Excerpts from a dataset:
-- Opening Marker --
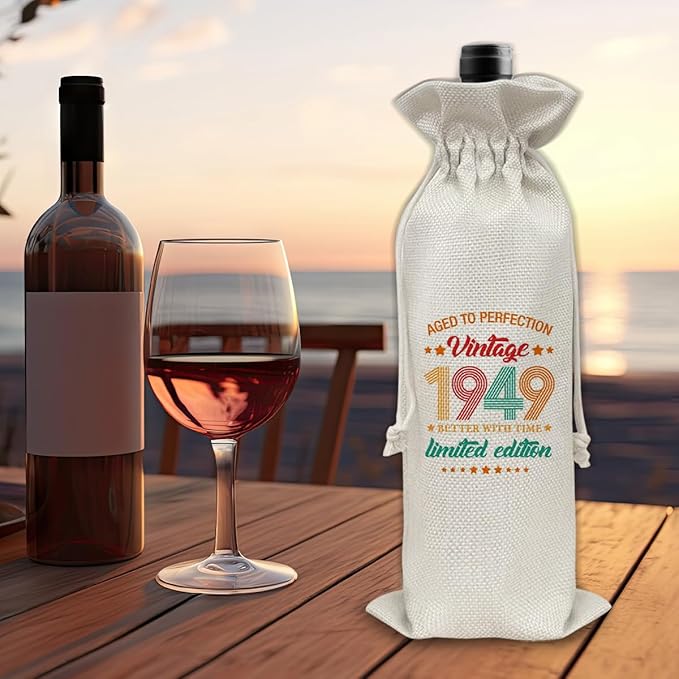 75th Birthday Gifts Wine Bag Congratulations Gifts for Women Men Parents Mom Dad Anniversary 1949 Birthday Wine Gift Bag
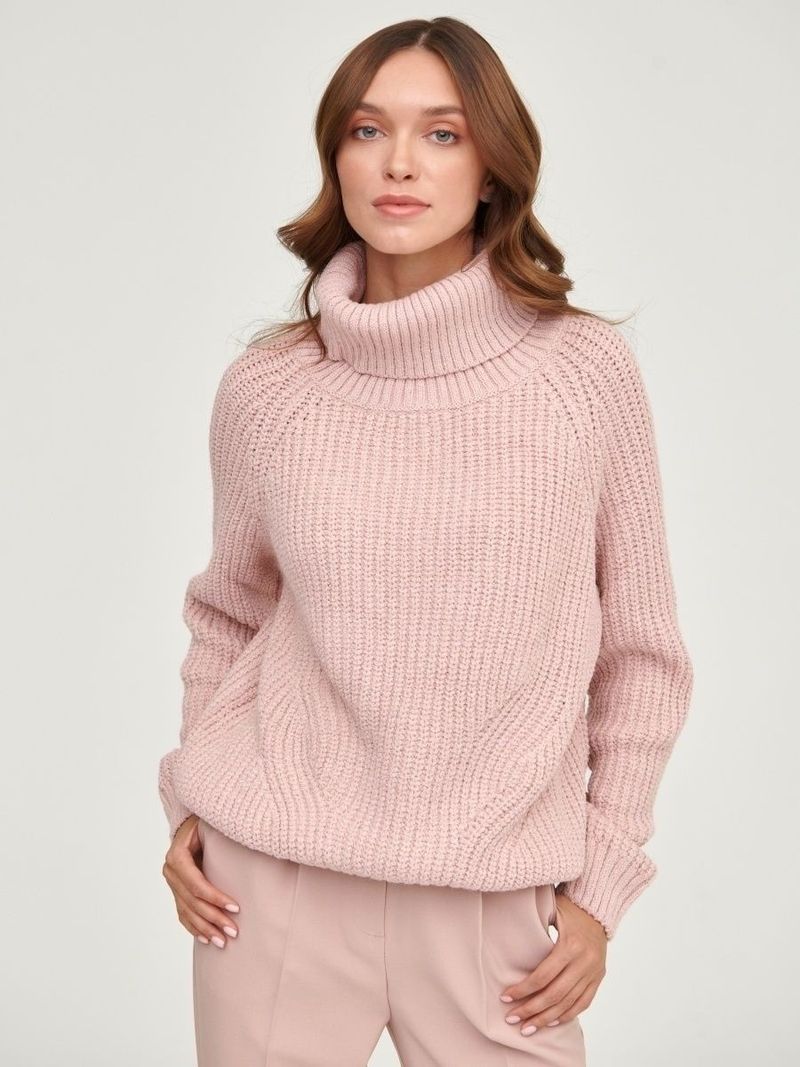 Maglione oversize da donna a collo alto in maglia – Pullover invernale spesso, tessuto acrilico morbido, maniche a spalla bassa, trendy e comodo per autunno e inverno_voghion.com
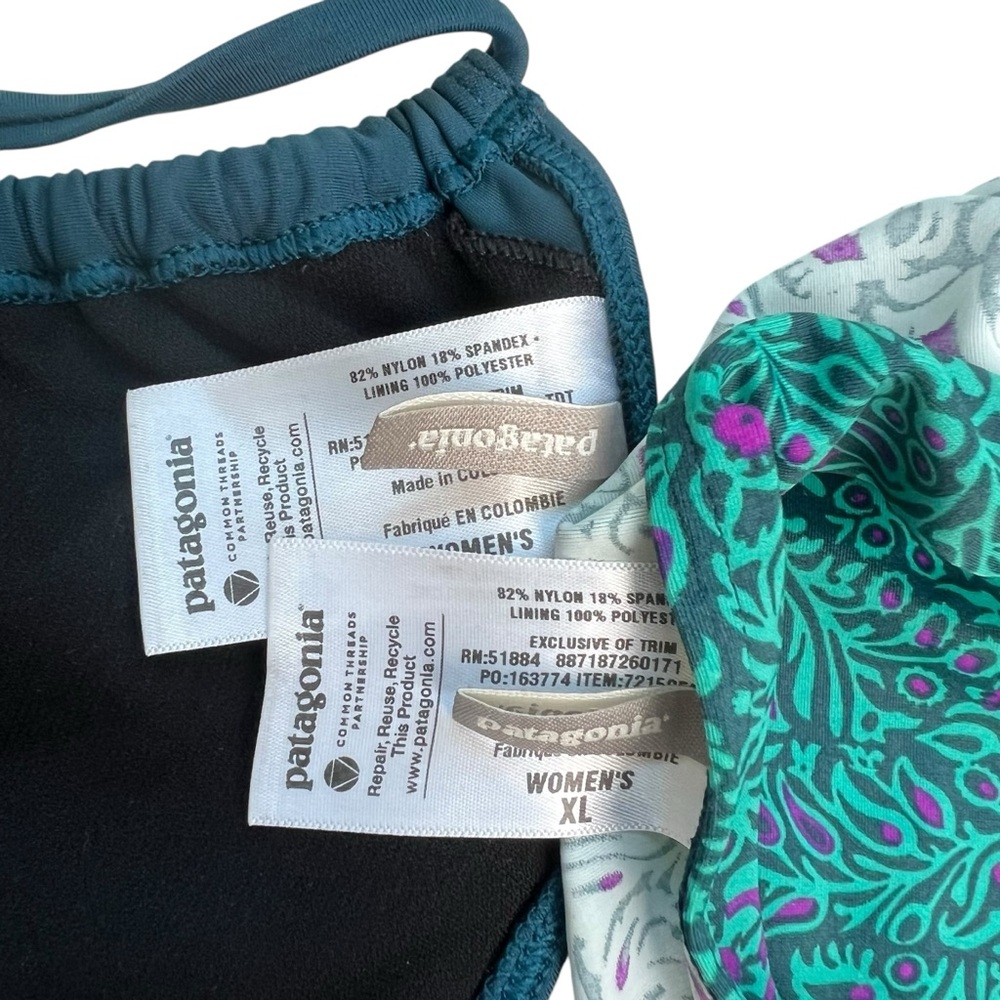 Patagonia Size XL Women's Teal Print Bikini Set Swimsuit - Picture 8 of 11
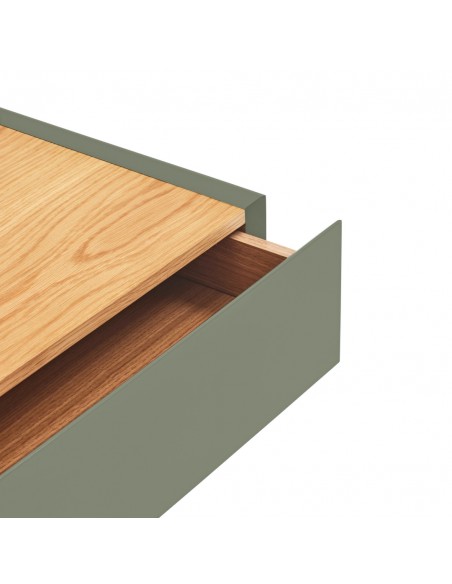 TEULAT MESITA SUSPENDIDA minimalista ARISTA 50 x 16, 1 Cajon, VERDE y roble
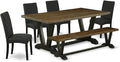 East West Furniture V677DR124-6 6 Piece Dining Table Set Contains a Rectangle Wooden Table with V-Legs and 4 Black Color Linen Fabric Parson Chairs with a Bench, 40x72 Inch, Multi-Color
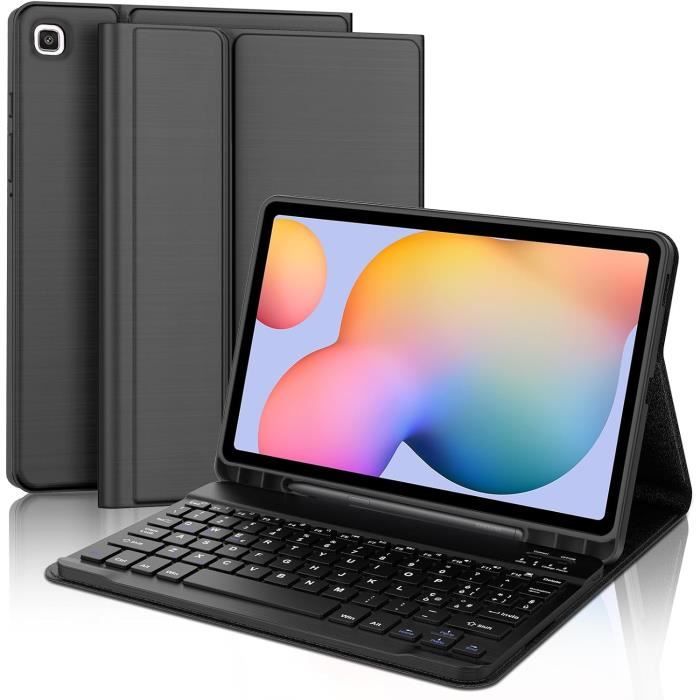 Clavier Bluetooth FINTIE AZERTY - Rétroéclairé 7 Couleurs - Pour IPad Et Tablettes Android - Noir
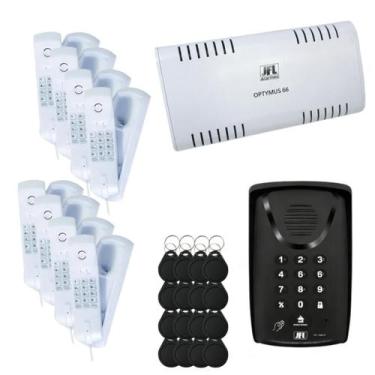 Imagem de Kit Porteiro Eletrônico Optymus 66, Teclado Numérico com 08 interfones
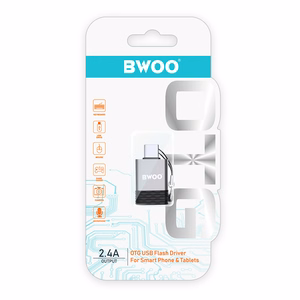 BWOO adapteris USB - USB-C pilkas OTG BZ-35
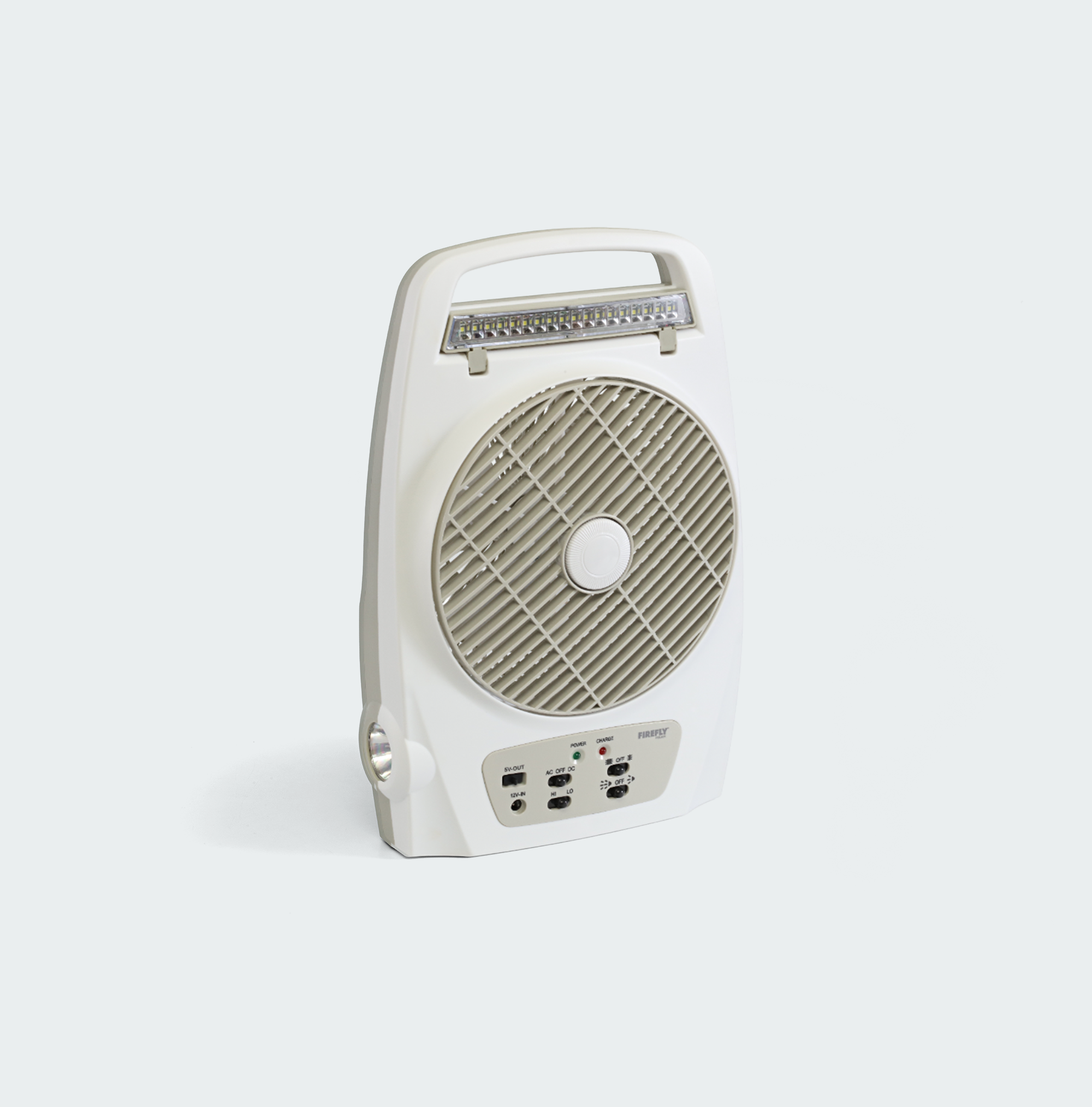 Firefly Rechargeable LED 8" Oscillating 2-Speed w/ 18 LED Desk Light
-- Closing Marker --
INSTRUCTIONS TO FOLLOW:
Please repeat each record above precisely, with the pictures left out.

ANSWER FOR THE TASK:
 75th Birthday Gifts Wine Bag Congratulations Gifts for Women Men Parents Mom Dad Anniversary 1949 Birthday Wine Gift Bag
 Maglione oversize da donna a collo alto in maglia – Pullover invernale spesso, tessuto acrilico morbido, maniche a spalla bassa, trendy e comodo per autunno e inverno_voghion.com
 Patagonia Size XL Women's Teal Print Bikini Set Swimsuit - Picture 8 of 11
 TEULAT MESITA SUSPENDIDA minimalista ARISTA 50 x 16, 1 Cajon, VERDE y roble
 East West Furniture V677DR124-6 6 Piece Dining Table Set Contains a Rectangle Wooden Table with V-Legs and 4 Black Color Linen Fabric Parson Chairs with a Bench, 40x72 Inch, Multi-Color
 Clavier Bluetooth FINTIE AZERTY - Rétroéclairé 7 Couleurs - Pour IPad Et Tablettes Android - Noir
 Imagem de Kit Porteiro Eletrônico Optymus 66, Teclado Numérico com 08 interfones
 BWOO adapteris USB - USB-C pilkas OTG BZ-35
 Firefly Rechargeable LED 8" Oscillating 2-Speed w/ 18 LED Desk Light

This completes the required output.